> Exercise prompt
Look below for the line with "Jardin De Santa Paula Apartment Seville" and the line with "Calvin Klein CK FREE Eau de Toilette 100 ml"; repeat exactly those two lines and all lines between them, but no pictures.

> Data shown
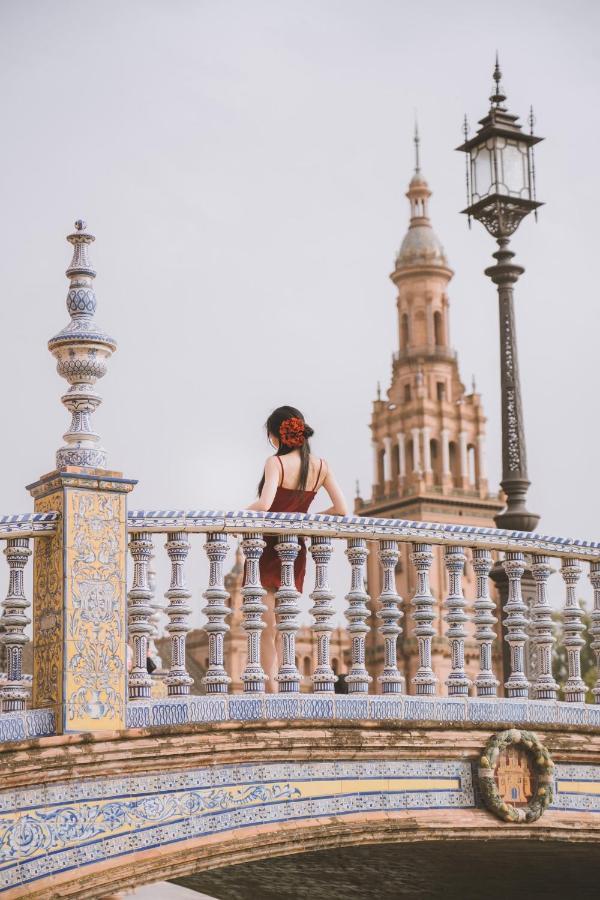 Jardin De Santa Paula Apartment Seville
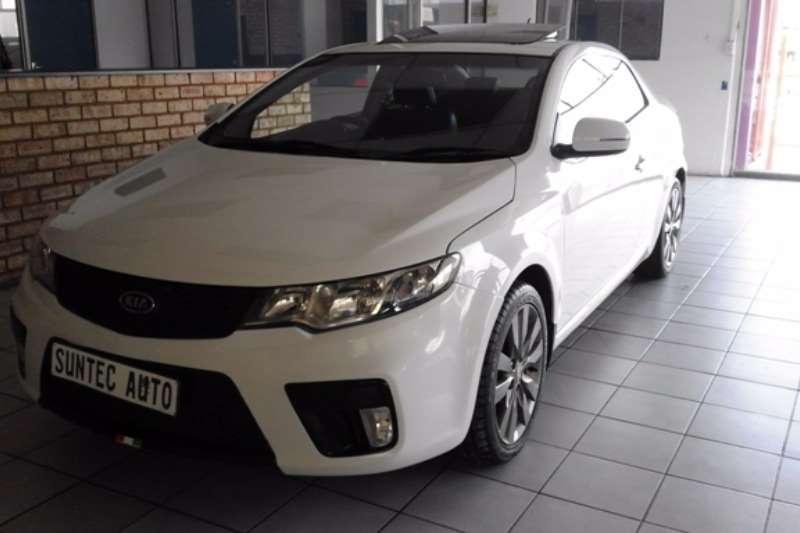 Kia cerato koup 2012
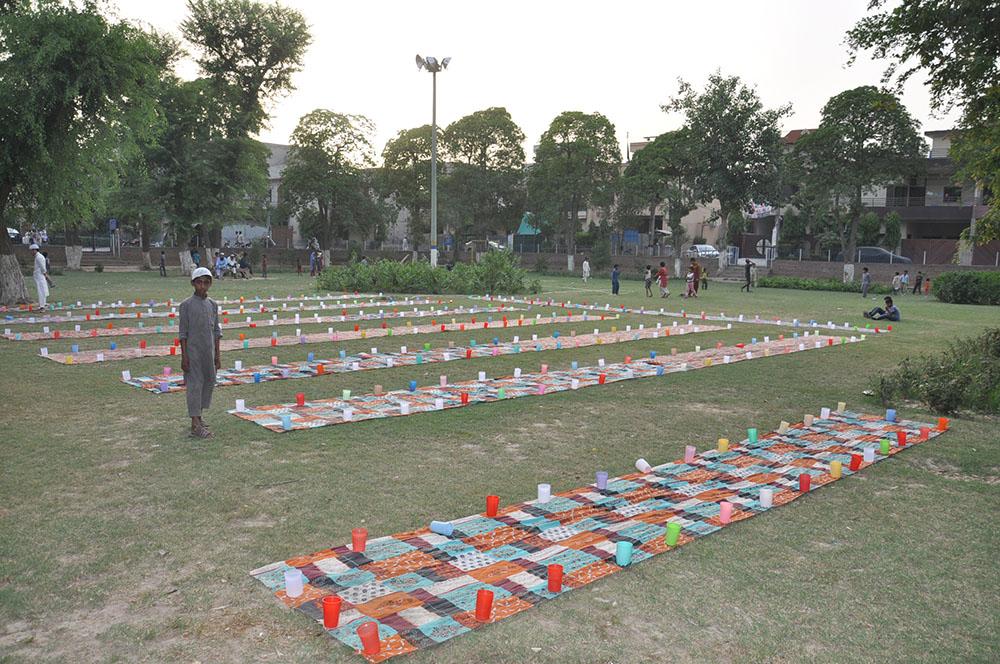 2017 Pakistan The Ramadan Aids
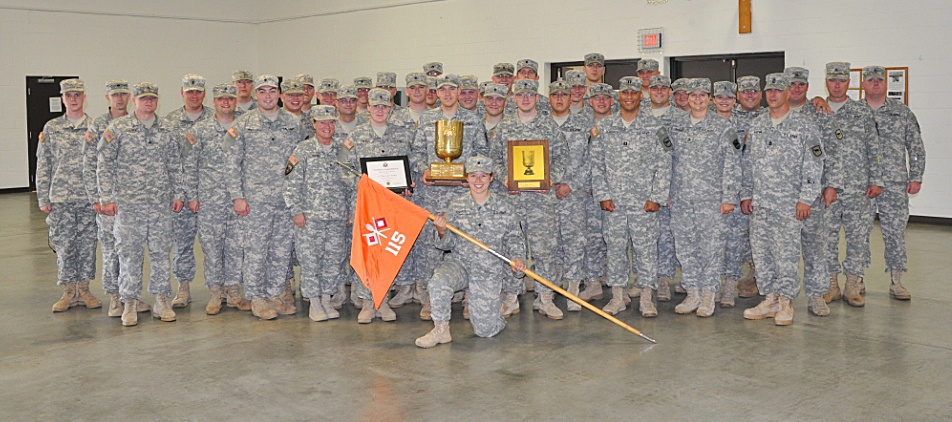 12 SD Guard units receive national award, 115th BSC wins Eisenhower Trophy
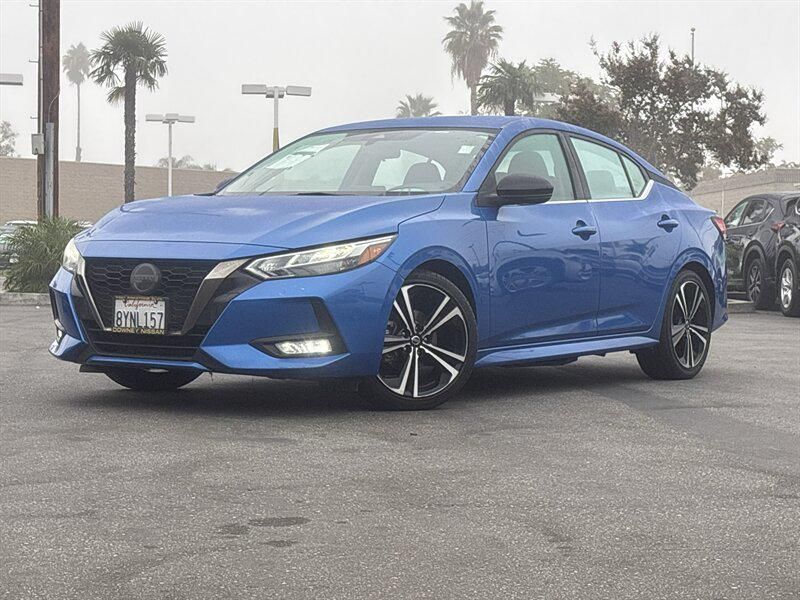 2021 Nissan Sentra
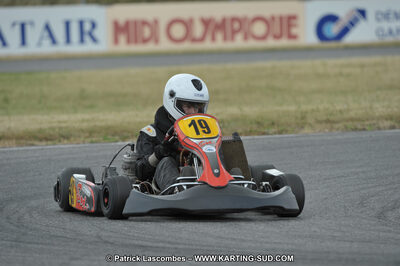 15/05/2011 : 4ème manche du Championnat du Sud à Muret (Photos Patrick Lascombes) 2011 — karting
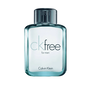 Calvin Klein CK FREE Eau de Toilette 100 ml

...

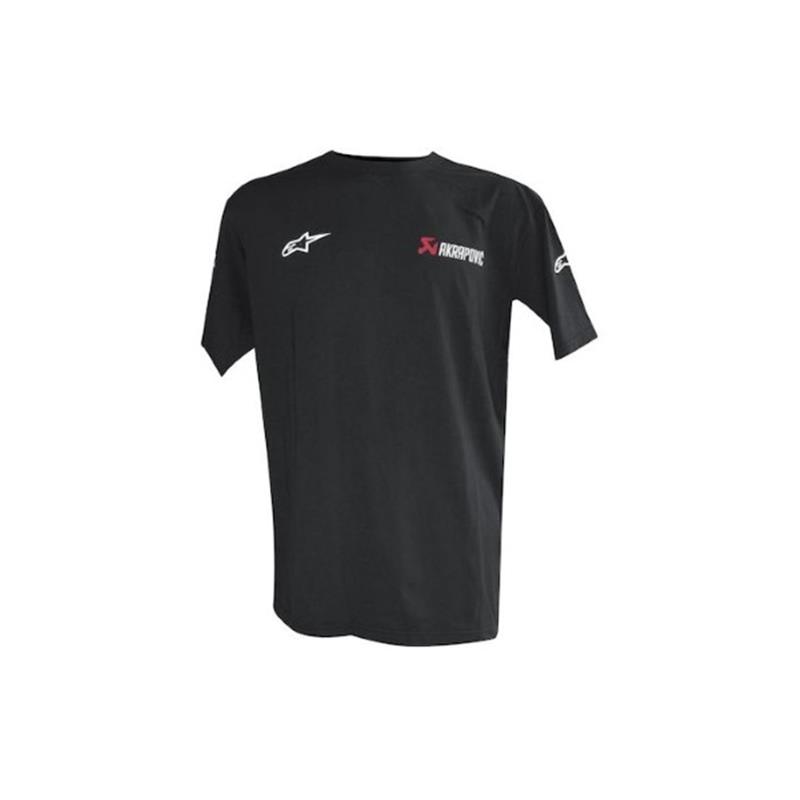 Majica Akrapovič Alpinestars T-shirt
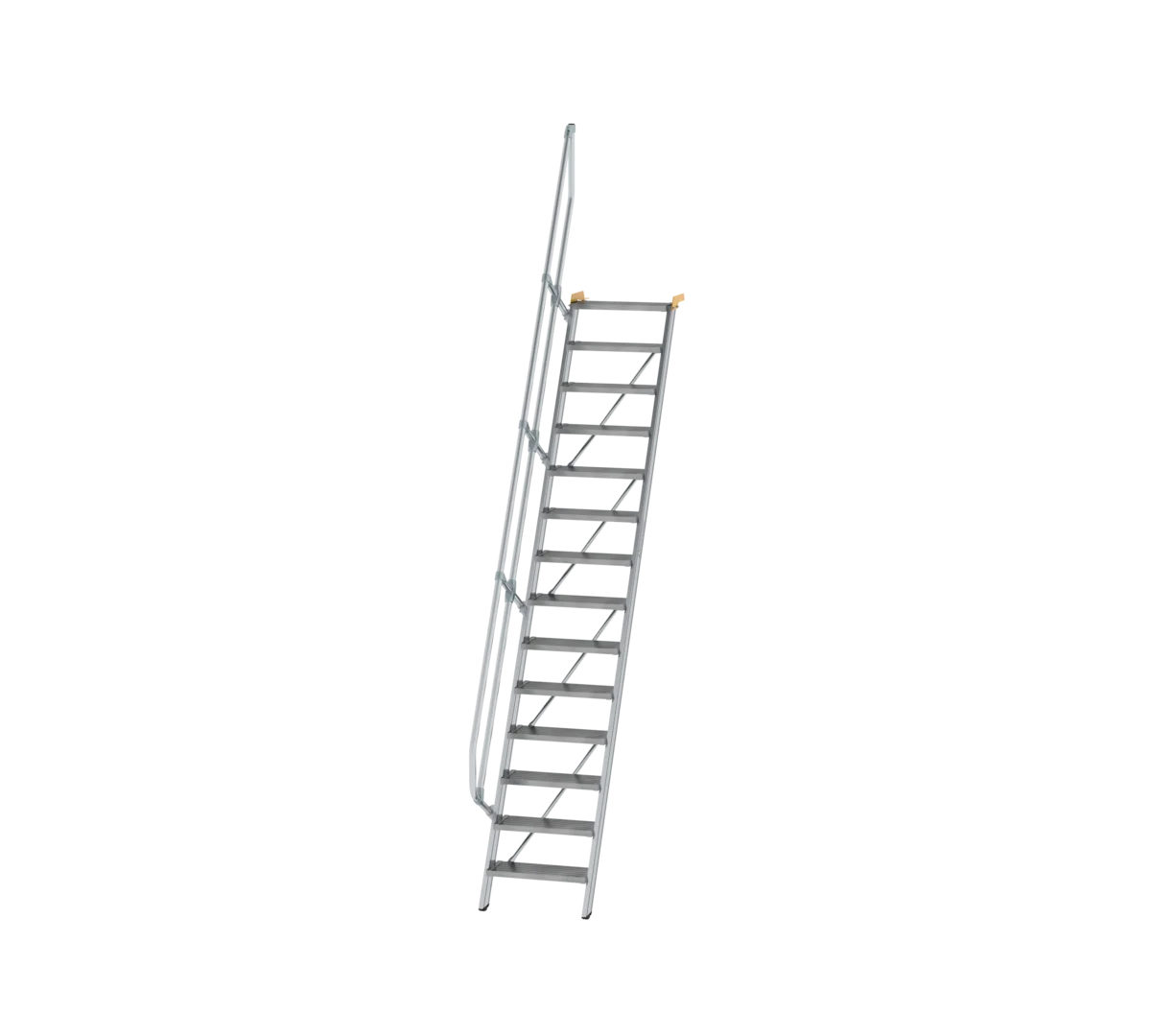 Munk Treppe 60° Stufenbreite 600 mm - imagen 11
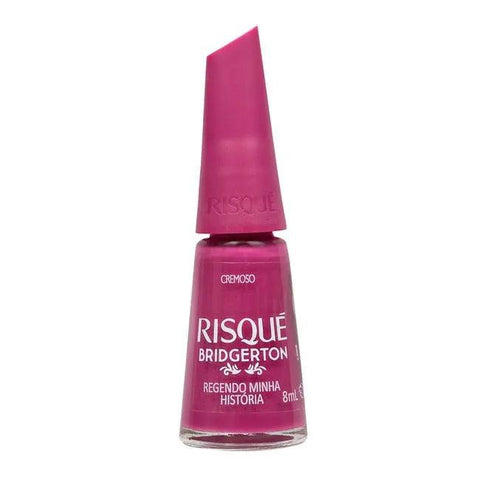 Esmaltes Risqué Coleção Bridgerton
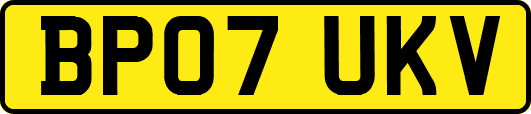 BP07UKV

> Final answer
 Jardin De Santa Paula Apartment Seville
 Kia cerato koup 2012
 2017 Pakistan The Ramadan Aids
 12 SD Guard units receive national award, 115th BSC wins Eisenhower Trophy
 2021 Nissan Sentra
 15/05/2011 : 4ème manche du Championnat du Sud à Muret (Photos Patrick Lascombes) 2011 — karting
 Calvin Klein CK FREE Eau de Toilette 100 ml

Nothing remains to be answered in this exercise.